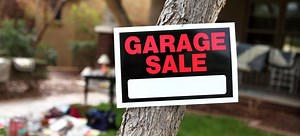 How to Organize a Community Garage Sale | DoItYourself.com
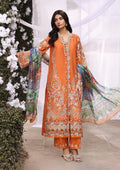 Kahf Premium | Festive Lawn 24 | KFL-10 MAYA by Designer Khaf Premium - House of Maryam - Pakistani Designer Ethnic Wear in {{ shop.shopifyCountryName }}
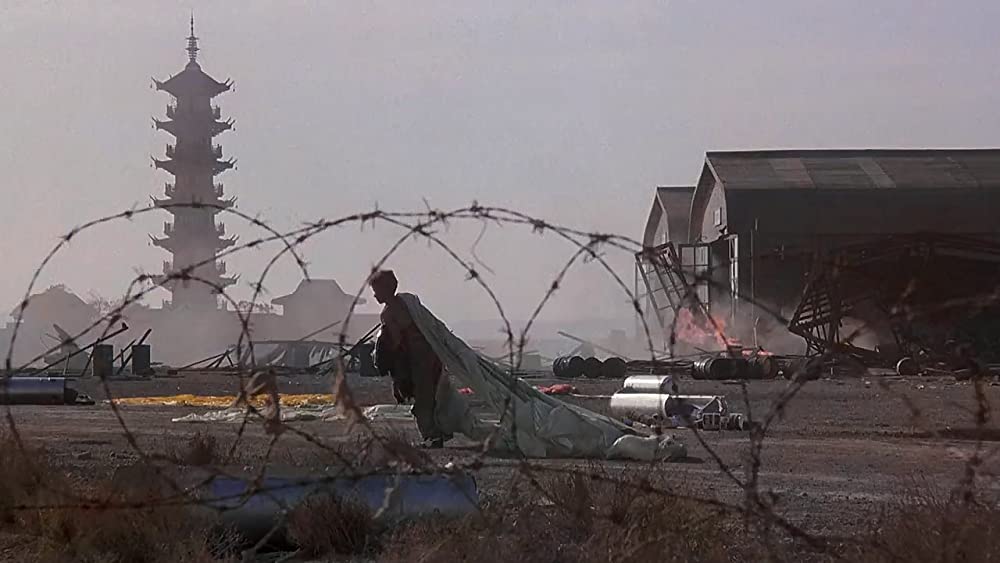 太陽の帝国の画像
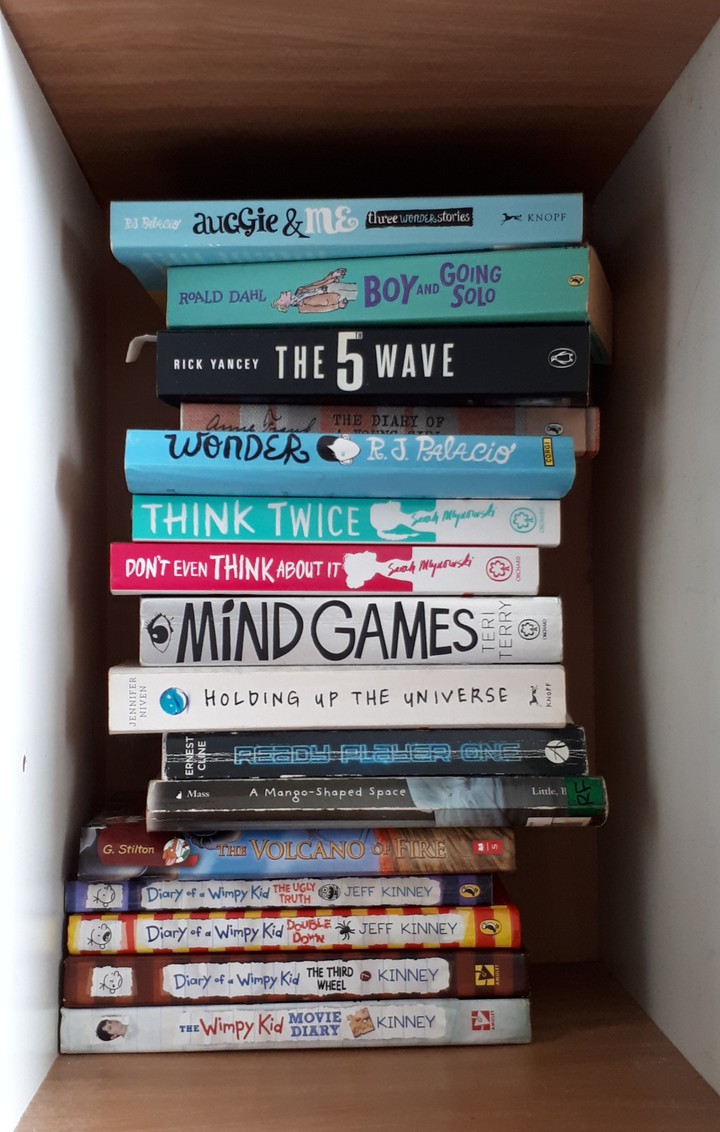 Books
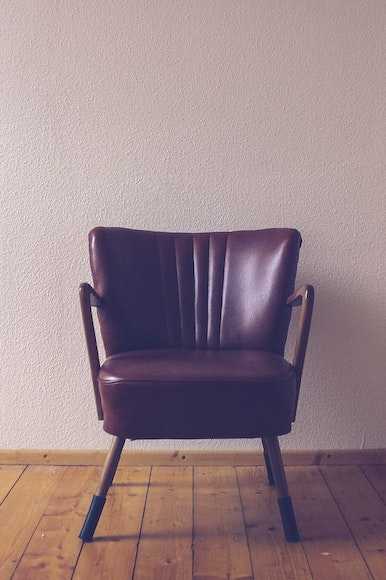 dark-brown-leather-chair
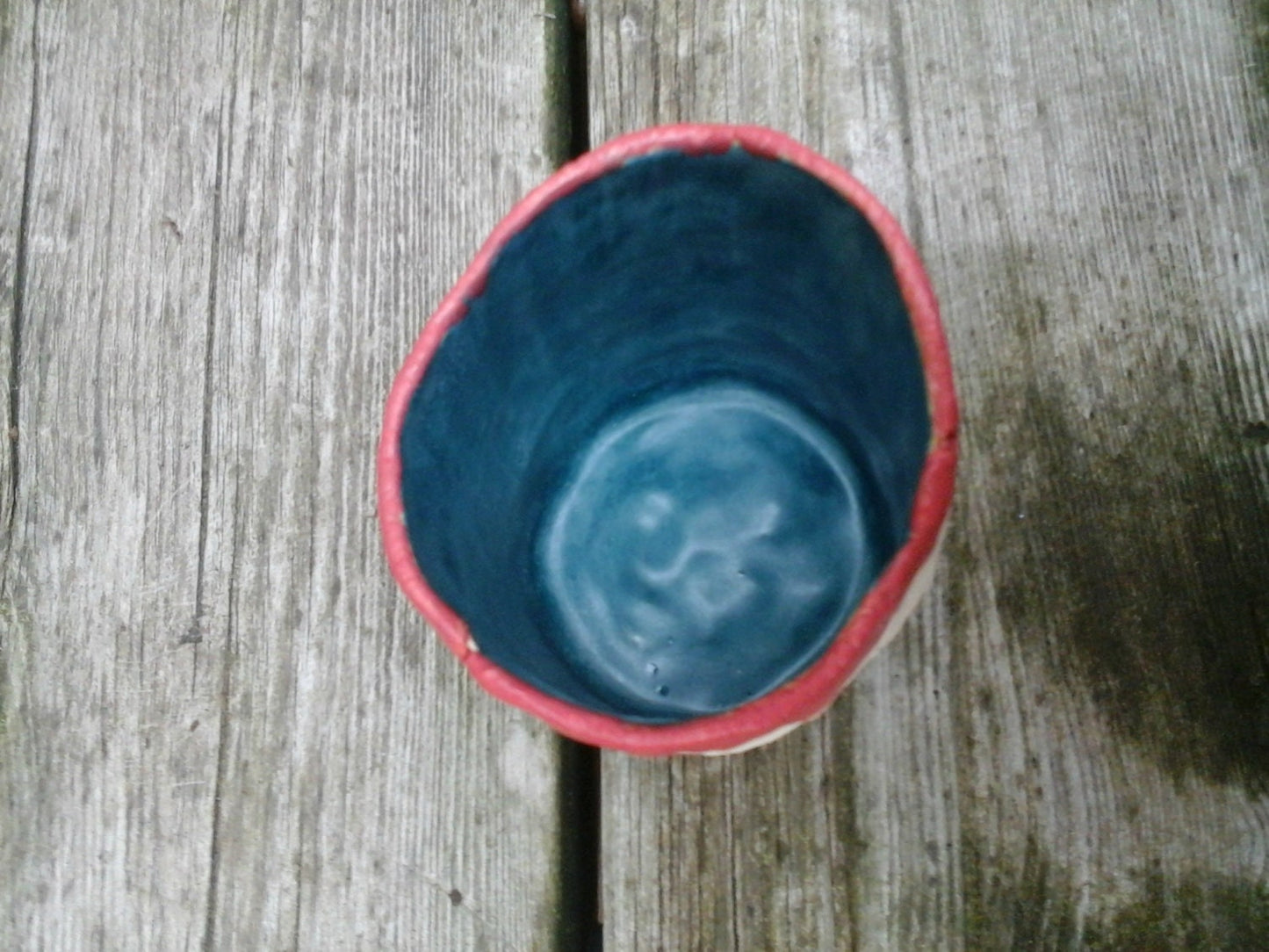 Rocky Ocean Ceramic Cup ON SALE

=== Required action ===
Exactly the lines from the one holding "dark-brown-leather-chair" through the last line of the entries, both included, are to be duplicated; leave the pictures out.

=== Task response ===
 dark-brown-leather-chair
 Rocky Ocean Ceramic Cup ON SALE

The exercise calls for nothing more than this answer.